Epidauros was renowned as the center of the cult of the healing god Asklepios. Attaining popularity in the fourth century BC, worship of Asklepios illustrates an important development in Greco-Roman religious life: the desire to complement increasingly sterile official cults with divinities who responded directly to personal appeals.
According to a common legend, Asklepios was the son of Apollo and a mortal woman, Koro-nis; the centaur Chiron raised him and taught him the art of healing. Asklepios was generally depicted as a mature bearded man, with a staff around which a snake was coiled. The main public festival at Epidauros took place in late April to early May. Included were an initial purification by washing, sacrifices, a formal banquet, and athletic and music competitions — features standard in the worship of any god, as we have seen. Peculiar to Asklepios were the devotions, performed throughout the year, of individuals seeking to have their illnesses cured. The suppliant would first cleanse him or herself by bathing, then spend the night in the abaton, a long stoa inside the sanctuary (Figure 17.2). Asklepios, or one of his sacred snakes, appeared in a dream and revealed the appropriate treatment.

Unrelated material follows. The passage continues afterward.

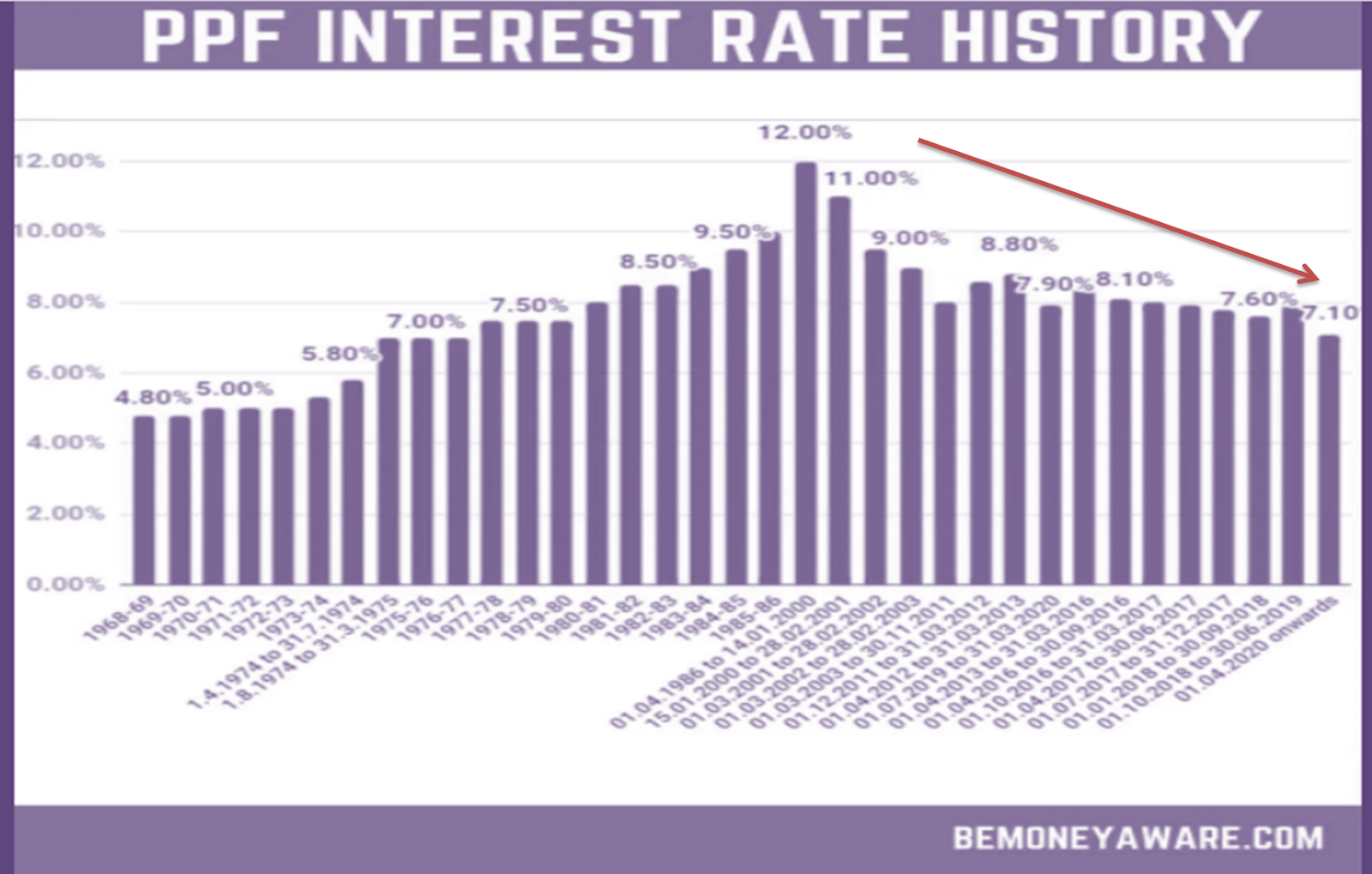 This picture tells how the PPF interest rates varied / decreased over a period of time from 12% - 7.1%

If cured, the patient might present as a thank-offering a stele on which the medical problem, the treatment, and the successful outcome were reported. Such inscriptions vividly recreate ancient Greek medical practices. Some reports are wonderfully improbable, such as the woman pregnant for five years who prayed to the god for relief, then gave birth to a five-year-old boy. Others, more credible, record special diets, exercise, and therapeutic baths.
Figure 17.2 Plan, the Sanctuary of Asklepios, Epidauros
The sanctuary is peacefully situated on flat ground amidst trees, with ruggedly profiled hills in the distance. Excavations were conducted here beginning in 1881 by Greek archaeologists P. Kavvadias and V. Stais. The principal structures inside the sacred precinct, dating from the fourth century BC, are the Temple of Asklepios, the tholos or round building (here known as the
Thymele), and the abaton. The buildings have been largely destroyed, leaving only foundations. With one exception, they do not impart as lively a picture of the activities that went on here as do the inscriptions and literary texts. The exception is the tholos, with its mysterious, intriguing foundations: six concentric rings of tufa (a volcanic stone) with doors in the inner rings, creating a maze in the inner three passages. Cuttings in the stone suggest wooden steps led from the main floor down into this crypt. The purpose of this unique maze, indeed of the entire building, remains uncertain. The tholos was certainly prestigious: surviving architectural pieces show a high quality of work. According to the building accounts, inscribed on stone, construction lasted over thirty years, payment being dependent on a steady trickle of donations. But faith was kept, the building completed. One popular view interprets the crypt as a home of the god’s sacred snakes, but a leading specialist on Epidauros, R. A. Tomlinson, prefers to identify the tholos as a funerary monument for Asklepios as a mortal (in contrast to the temple, which honored Asklepios as a god).